Take language, and first, consider the concept of accidental killing. Can this be extended to dropping cluster bombs from a plane through clouds at an unseen target? In what sense is it an accident if people below are killed? They are the wrong people? That's a mistake, certainly, but is it an accident?
Then the concept of a legitimate target: only military installations will be attacked, it is promised, but soldiers eat, drink, travel on roads, cross bridges, and so on. Thus the notion of a target is extended from military installations to bridges, roads, utilities, including water itself, at which point, the ancient and despised crime of poisoning the well is resurrected in modern technological garb, as chemicals seep into the river Danube and the air itself is polluted by the release of bombs encased in uranium shells.
Third, the concept of a war crime. Increasingly this is interpreted to mean anything "they" do, and nothing "we" do. Women weeping over the bodies of dead young men is taken as evidence of a "war crime" even in a context in which young men of this group are presented as heroes by our own media for liaising by mobile phone to pinpoint "soft" (i.e. human) targets for hostile action.
This leads to the second area, that of morality, which is enjoying an unexpectedly high profile in this war, from "compassionate bombing" to a "moral imperative" to wage war. The point is generally made that what "we" do is very different, morally, from what "they" do. We are benevolent; they are monsters. We are right to say that there is a moral difference between our deeds and their deeds. But the difference does not consist in this. What matters morally is that we are morally responsible for what we do; they are morally responsible for what they do. Their atrocities are their atrocities, but that does not exonerate us if we commit atrocities.

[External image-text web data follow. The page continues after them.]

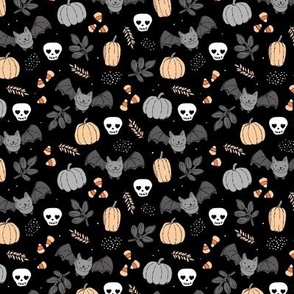 Sweet boho style halloween bats pumpkins and leaves halloween candy garden dark night black gray orange boys SMALL 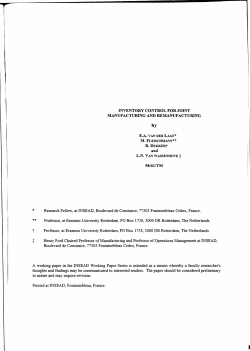 INVENTORY CONTROL FOR JOINT MANUFACTURING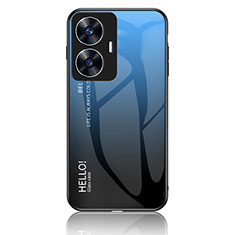 Custodia Silicone Specchio Laterale Sfumato Arcobaleno Cover LS1 per Realme C55 Blu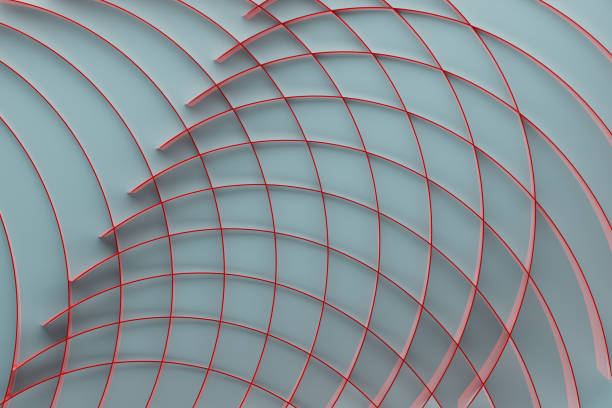 istock Modern energy abstract background with thin red curved lines, crossing, grid on light blue color. 3d illustration for design, wallpaper, flyer, card, poster in medicine, sciences, study, business. 2199540909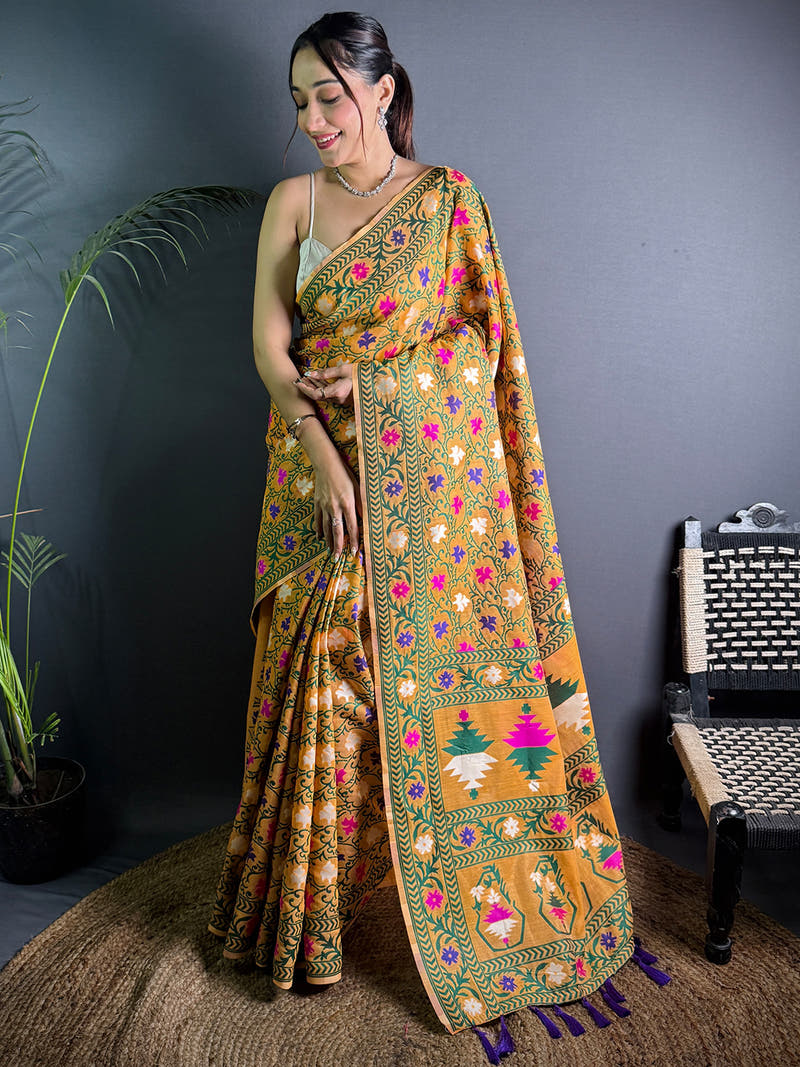 Lovely Dhakai Jamdani Light Weight Cotton Silk Saree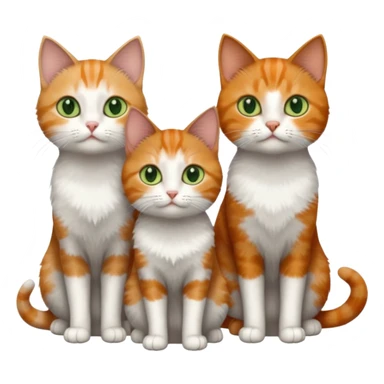 full body of 3 tiny short hair cats including a dark grey and white cat with green eyes, a ginger and white with orange eyes and a brown tabby and white with hazel eyes sticker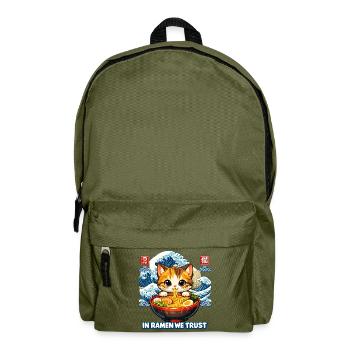 In Ramen We Trust Cat - Backpack - olive green - Front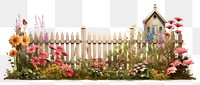 PNG Flower garden fence outdoors transparent background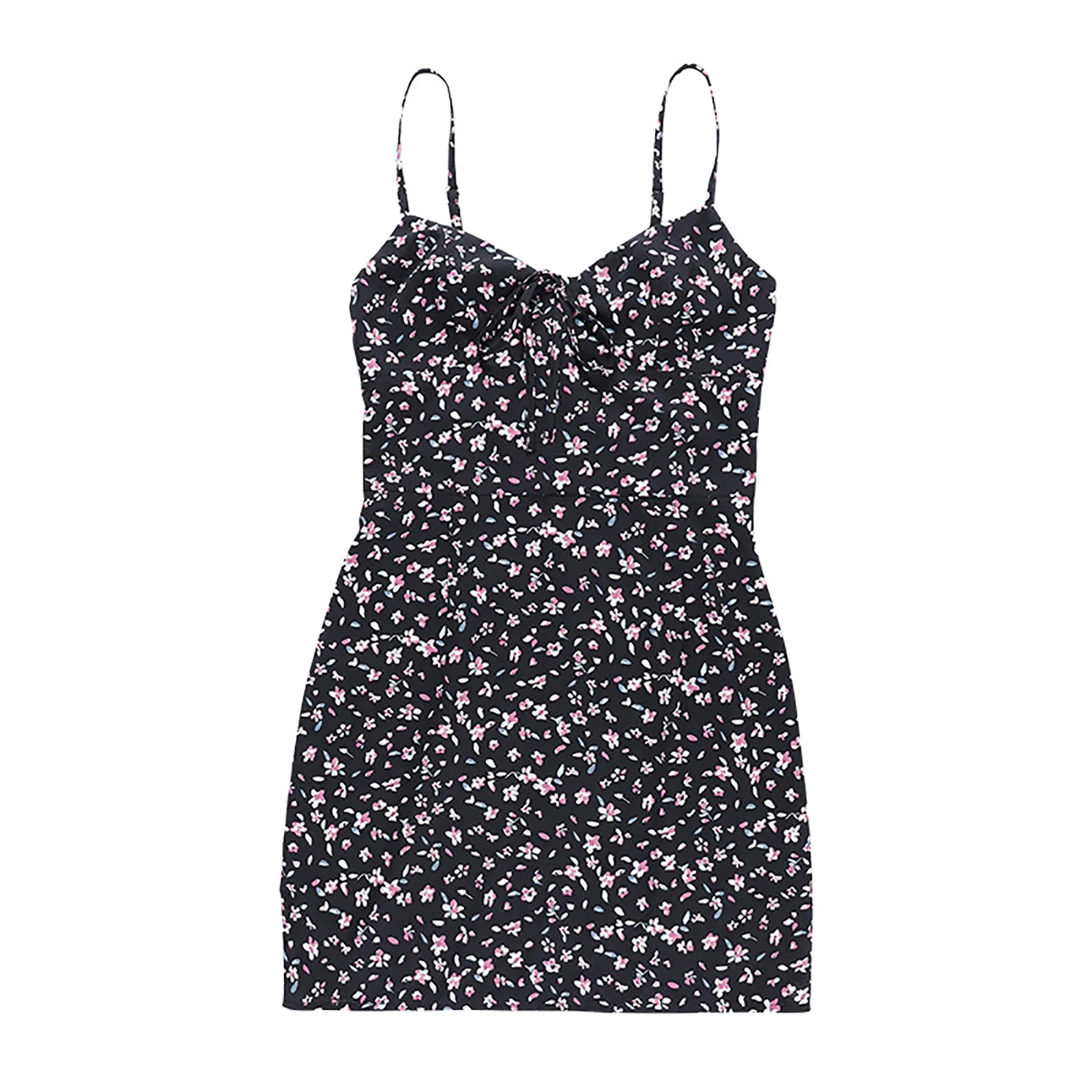 Robe d'été sexy à bretelles spaghetti pour femmes, dos nu, motif floral, en fibre noire, taille haute, coupe plage bohème, 2023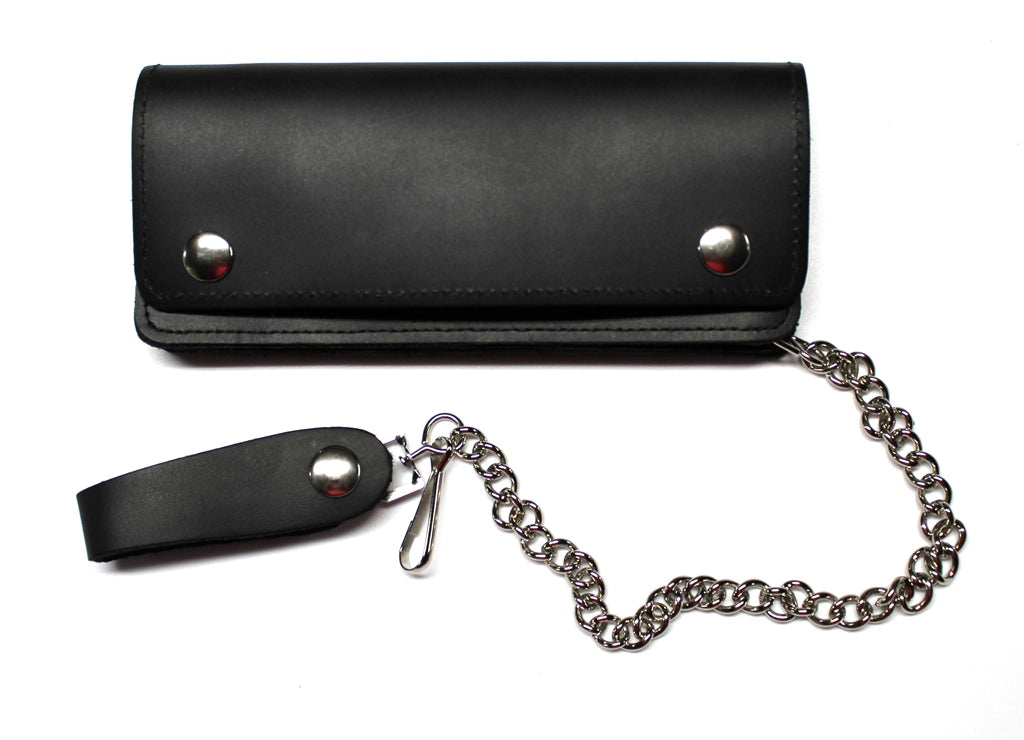 7 1/2 Inch Slim Biker Wallet with Chain  - Black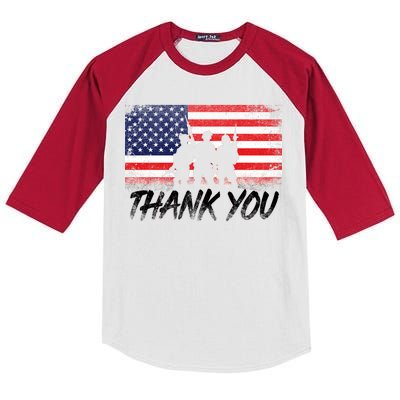 Thank You USA Troops Kids Colorblock Raglan Jersey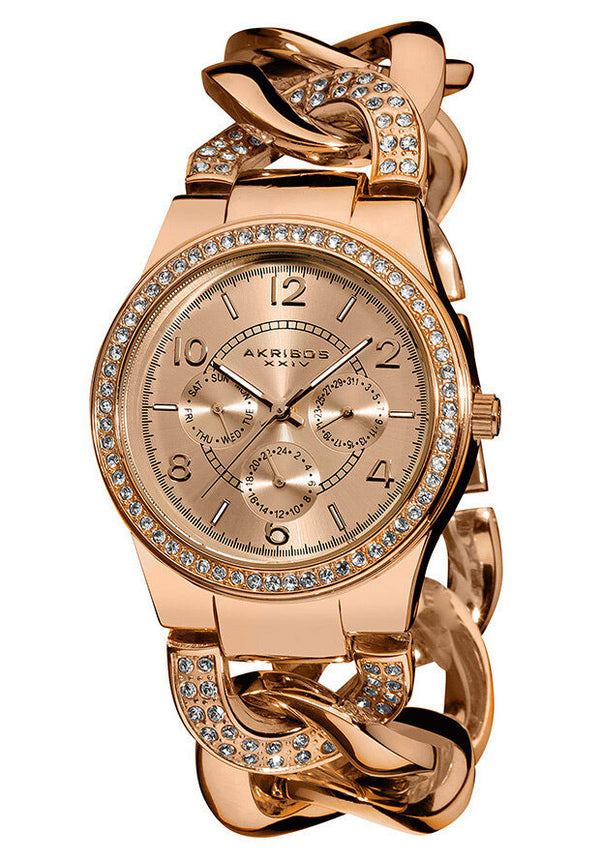 Akribos Multi-Function Rose Dial Rose Gold-tone Ladies Watch #AK558RG - Watches of America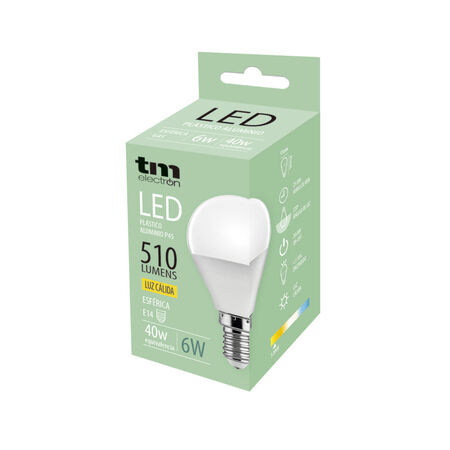 Bombilla Led esférica e14 plástico TM p45 6W cálida
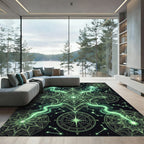 Luminous Celestial Green Mandala Starry Tapestry Rug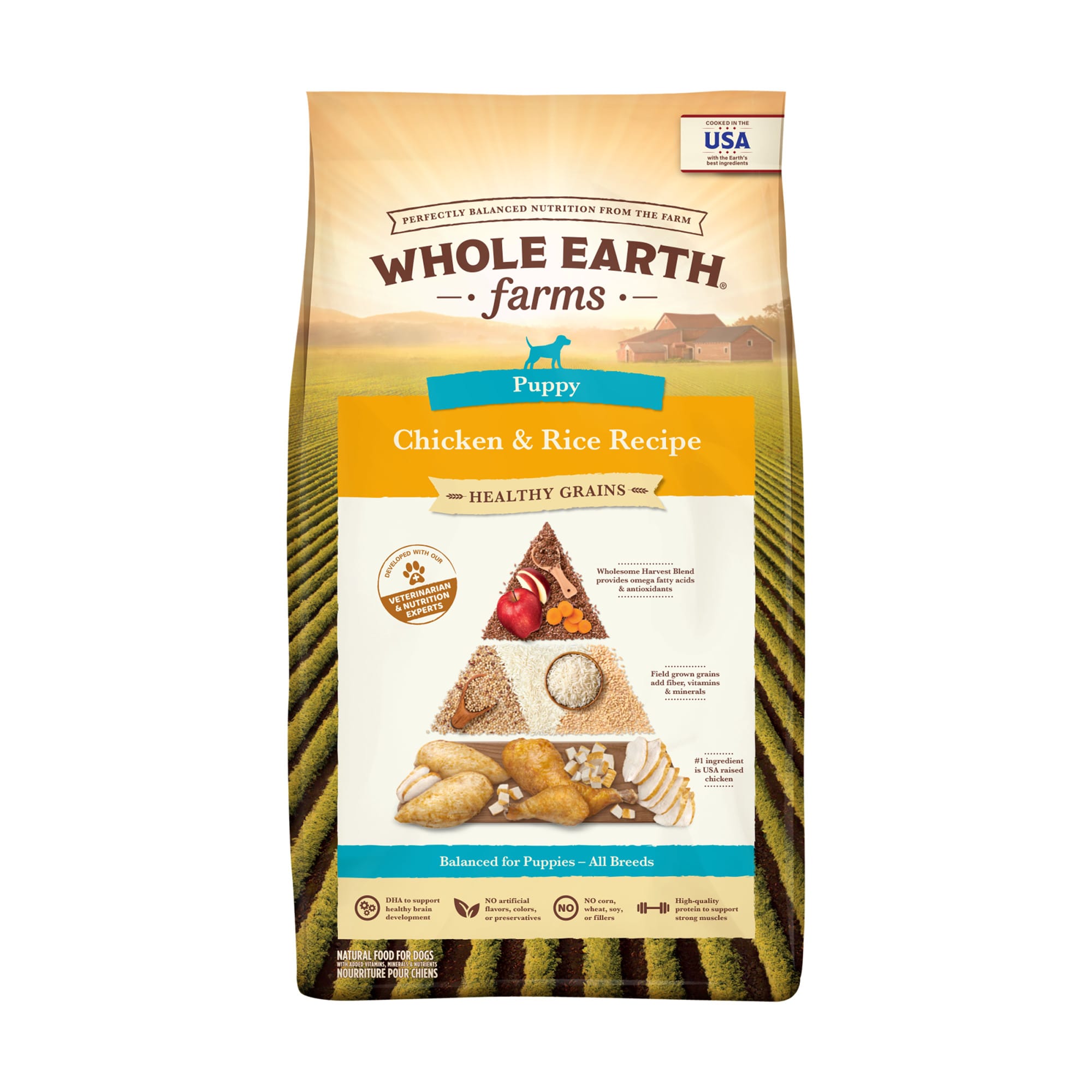 Whole Earth Farms Healthy Grains Chicken and Rice Recipe Dry Puppy Food， 25 lbs.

Of course, it may be right for us to help if we can, to prevent evil if we can, but the principles of just war were set out many centuries ago and we should limit our intervention to what we can do within that ancient framework of which, up to now, we were proud to regard ourselves as defenders. So we should not cause more harm than the harm we seek to prevent, we should go to war only when the war is ordered by a legitimate authority: we should not use indiscriminate means which cannot distinguish between combatants and non-combatants.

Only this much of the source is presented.